The same thing can be true for his rebounding. Thomas pulled down only 5.2 rebounds per 40 minutes, while his ultra skinny teammate, Will Barton, had 8.8 per game credited to his name. This can draw questions about his hands (he has strong hands but are they soft?), but I think part of it can be attributed to his unselfishness. Thomas often would tip rebounds to his teammates. Still, the numbers he put up are a little surprising for the kind of player he is. A super athletic player who played inside, had great strength, boxed out on each shot, and never took a play off couldnt put up good rebounding numbers?I would have expected him to over 10 rebounds per 40 minutes at the power forward position. In the end though, I doubt poor rebounding is going to be a weakness used against him come draft time. His job in the NBA will be to keep his opposing player from hitting the offensive glass and with his determination to box out, he will have no problem getting that done.

When projecting Thomas to the future, there is reason to believe he has a very high ceiling. To me though, he is actually one of the safest picks in the lottery while not possessing NBA First Team potential.

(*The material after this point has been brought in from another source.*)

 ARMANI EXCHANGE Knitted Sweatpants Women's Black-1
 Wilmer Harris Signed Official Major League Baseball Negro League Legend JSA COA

I just don't ever see him being a prolific scorer from a skill standpoint or from an attitude standpoint. Think Marvin Williams. They are different players, but both are very unselfish, great character guys, who played a smaller role in college but their tools project them to be stars in the NBA. In reality, they played smaller roles because that is their style and neither of them were much of shot creators. Thomas is comfortable playing a role. Shot creating can be improved, but rarely do players make drastic improvements after they are drafted.

Still with what Thomas gives you, you are looking at a good to a great starter who can be somewhat of a super role player. He does all the little things and has no problem doing them. He has great character and great work ethic. He is good in transition. He is versatile. He can space the floor. He is a very smart player and a potential stopper on defense. He is a winner and his game translates well to games played in May and June. He is a guy you draft, plus him in at the wing, and don't ever worry about him again. While he doesn't make his teammates better with his creating ability, he makes the TEAM better with everything else he can do. I see Thomas as a mid to late lottery pick this year.